Digamos, finalmente, que la nota facilitada ayer por el Ministerio del Interior, en la que se anuncia el cese del jefe de la Brigada Regional de Información y del responsable de los servicios médicos, y se pone a disposición judicial a cinco funcionarios que interrogaron al fallecido Arregui, rectifica las declaraciones iniciales del titular de ese departamento. La razonable presunción de que sólo gracias al coraje político del ministro de Justicia y al valor cívico del médico del Hospital Penitenciario de Carabanchel este suceso ha salido a plena luz no habla demasiado en favor del Ministerio del Interior, que tardó casi veinticuatro horas en ofrecer una explicación -insuficiente- sobre las medidas -también insuficientes- adoptadas para aclarar ese turbio asunto. Pero no se trata sólo de que nadie puede estar seguro de lo que habría. ocurrido si Francisco Fernández Ordóñez no hubiera sido ministro de Justicia en el momento de morir José Arregui. Porque es sencillamente bochornoso que haya tenido que fallecer un detenido para que el Ministerio del Interior acuse recibo de las denuncias sobre torturas practicadas en sus dependencias, formuladas, entre otras organizaciones, por Amnistía Internacional, y adopte medidas, tan tímidas como incompletas, respecto a los eventuales responsables. Todavía a estas alturas el Ministerio del Interior no ha explicado los entresijos del Batallón Vasco-Español, el papel de los mercenarios de la OAS en la guerra sucia del País Vasco- y la veracidad de las denuncias de torturas. Y todavía el comisario Ballesteros sigue en su cargo.

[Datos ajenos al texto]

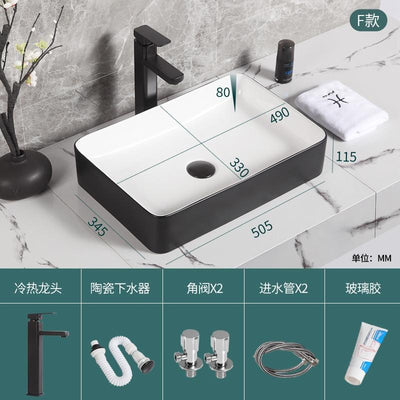 Nordic Bathroom Basin Toilet Round Square Washbasin Balcony Ceramic Sink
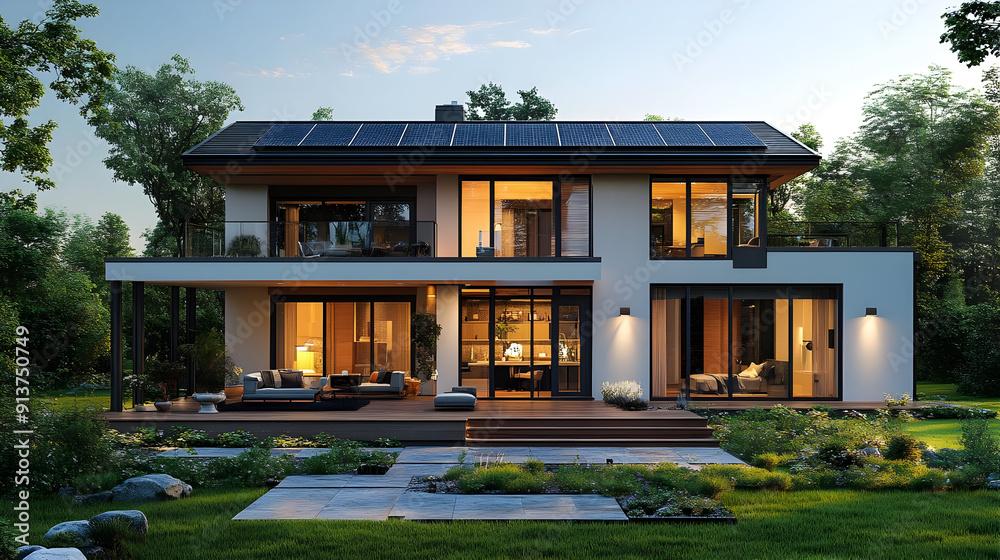 Modern home with solar panels, dusk exterior. Modern home with solar panels, dusk exterior.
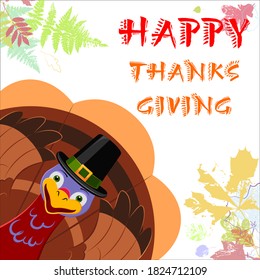 Cheerful cartoon turkey flaps its wings. Happy Thanksgiving card surrounded by autumn leaves. Greeting. Design for poster, banner or flyer.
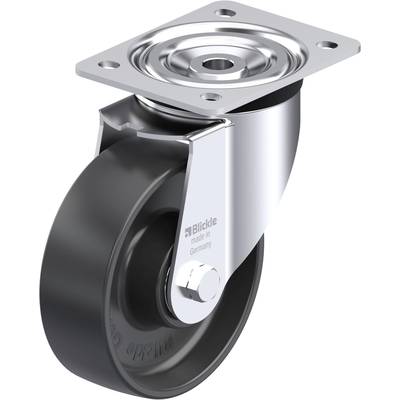 Szaro-czarne obrotowe kółko jezdne wykonane z metalu i tworzywa sztucznego, odpowiednie do mebli lub zastosowań transportowych. Logo producenta 'Blickle'.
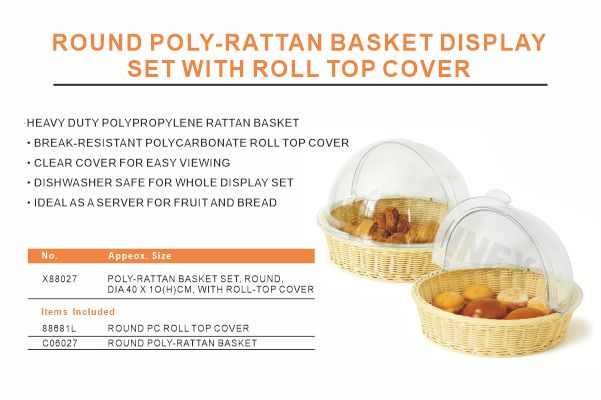 Canistrum rotundum poly-rattan ostentationem pone cum roll top cover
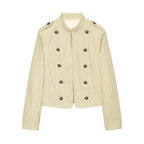 Chevron Stripe Stand Collar Jacket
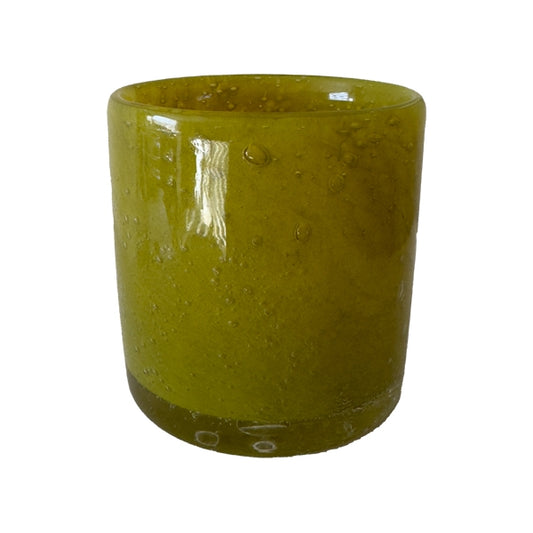 Glazen waxinelichthouder geel 8x8 cm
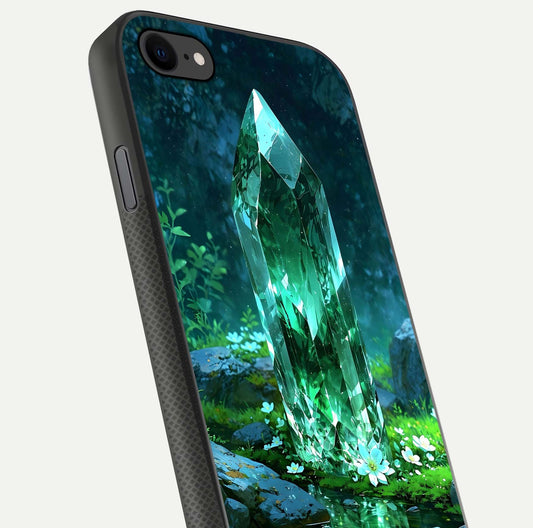 Emerald Light Crystal Glass Case for iPhone 8 close-up highlighting crystal texture and reflection glow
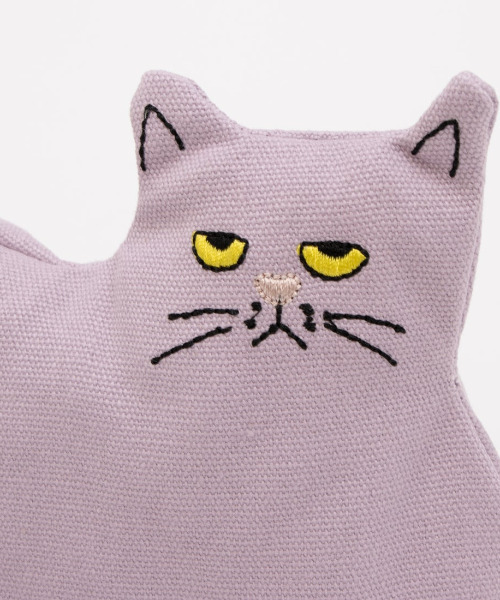 cache cache（カシュ カシュ）の「カシュカシュ cachecache / ネコ刺繍自立ポーチ（ポーチ・レディース・ホワイト/ブラック/グレー/ラベンダー・FREE）」の16枚目の写真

Que en febrero de 1981, tras cinco años de transición, el Gobierno constitucional de este país no haya reorganizado totalmente los cuerpos de seguridad con hombres respetuosos de los valores democráticos, de los derechos humanos y de las libertades ciudadanas y amparados por la Constitución, hombres que existen en abundancia en el escalafón del Cuerpo Superior de Policía, es un hecho más cercano a la provocación desestabilizadora que a la incompetencia profesional. En esa línea de sombra se hallan, sin duda, muchas de las claves que explicarán en el futuro la razón por la que la reforma política se detuvo a las puertas de los cuerpos de seguridad, bastión todavía, en algunos puestos clave, de enemigos ideológicos y política de esa Monarquía parlamentaria para cuya defensa los contribuyentes les pagan sus sueldos y dietas.